NAME

MOODS - Perl extension for finding significant matches of position weight matrices.

Subroutines

search

  Title   : search
  Usage   : @results = MOODS::search(seq => Bio::Seq(..), -matrix =>[[1,0],[0,1]] -threshold => 0.1)
  Function: Finds position weight matrix matches in dna sequence. 
  Returns : An array of references to result arrays. There are one result array
            corresponding to each matrix. (matrix1_results, matrix2_results,..)
            Each result array is a list of positions and scores like: 
            (pos1, score1, pos2, score2 ...) 
  Args    : 
           Obligatory
            -seq  BioPerl sequence object
            -matrix or -matrices
                 A matrix or a list of matrices. One matrix is represented 
                 as a typical perl multidimensional array: a reference to array of 
                 references to arrays of numbers, corresponding to the frequencies
                 or scores of the nucleotides A, C, G and T, respectively
            -threshold or -thresholds
                 A number or a list of numbers, used as threshold values for
                 matrix scanning.  If a single number is given, it is used
                 for all matrices; otherwise, there should be as many
                 threshold values as there are matrices.

           Optional
            -bg  Background distribution - an array of four doubles. If neither
                 -bg or -flatbg is given, the background is estimated from
                 the sequence. 
            -flatbg
                 If 1, the background distribution is set to a distribution
                 giving equal probability to all characters. Not compatible
                 with -bg.
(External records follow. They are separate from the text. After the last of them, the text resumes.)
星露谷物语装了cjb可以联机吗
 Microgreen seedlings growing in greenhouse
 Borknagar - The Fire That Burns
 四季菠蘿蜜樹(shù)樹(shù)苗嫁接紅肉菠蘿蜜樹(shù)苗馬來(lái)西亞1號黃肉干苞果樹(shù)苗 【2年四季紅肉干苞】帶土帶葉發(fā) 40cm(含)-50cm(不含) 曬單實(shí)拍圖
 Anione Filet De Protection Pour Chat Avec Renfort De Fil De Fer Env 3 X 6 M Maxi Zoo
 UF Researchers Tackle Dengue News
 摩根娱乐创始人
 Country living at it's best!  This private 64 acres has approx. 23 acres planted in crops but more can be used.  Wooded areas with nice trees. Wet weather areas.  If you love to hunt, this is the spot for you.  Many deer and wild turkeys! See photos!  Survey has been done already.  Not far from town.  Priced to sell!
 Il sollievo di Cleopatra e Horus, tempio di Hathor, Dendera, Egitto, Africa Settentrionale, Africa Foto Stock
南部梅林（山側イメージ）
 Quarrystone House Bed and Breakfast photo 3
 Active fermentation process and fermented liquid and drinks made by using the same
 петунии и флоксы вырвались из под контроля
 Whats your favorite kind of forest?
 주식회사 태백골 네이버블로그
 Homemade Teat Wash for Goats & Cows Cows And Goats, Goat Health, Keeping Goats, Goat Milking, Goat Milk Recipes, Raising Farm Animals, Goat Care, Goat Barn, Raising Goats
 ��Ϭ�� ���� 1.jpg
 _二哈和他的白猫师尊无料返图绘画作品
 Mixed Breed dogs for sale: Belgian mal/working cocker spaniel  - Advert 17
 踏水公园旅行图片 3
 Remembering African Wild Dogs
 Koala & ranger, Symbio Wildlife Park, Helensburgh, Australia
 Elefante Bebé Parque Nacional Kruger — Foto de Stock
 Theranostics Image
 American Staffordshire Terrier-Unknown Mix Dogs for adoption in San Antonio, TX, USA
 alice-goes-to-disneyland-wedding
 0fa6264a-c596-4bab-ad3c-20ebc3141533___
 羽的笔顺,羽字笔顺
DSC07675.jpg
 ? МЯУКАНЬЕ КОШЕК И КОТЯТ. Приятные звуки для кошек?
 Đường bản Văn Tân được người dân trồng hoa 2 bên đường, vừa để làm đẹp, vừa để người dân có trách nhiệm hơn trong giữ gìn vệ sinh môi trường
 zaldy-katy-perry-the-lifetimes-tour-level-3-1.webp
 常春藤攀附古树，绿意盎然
If neither -bg or -flatbg is given, the background
                 is estimated from the sequence. 
            -count_log_odds
                 If 1, assumes that the input matrices are frequency or
                 count matrices, and converts them to log-odds scoring
                 matrices; otherwise, treat them as scoring matrices.
                 Default 1.
            -threshold_from_p
                 If 1, assumes that thresholds are p-values and computes
                 the corresponding absolute threshold based on the matrix;
                 otherwise the threshold is used as a hard cut-off.
                 Default 1.
            -log_base
                 Base for logarithms used in log-odds computations. Relevant
                 if using -convert_log_odds => 1 and -threshold_from_p => 0.
                 Defaults to natural logarithm if parameter is not given.
            -pseudocount
                 Pseudocount used in log-odds conversion and added to
                 sequence symbol counts when estimating the background
                 from sequence. Default 1.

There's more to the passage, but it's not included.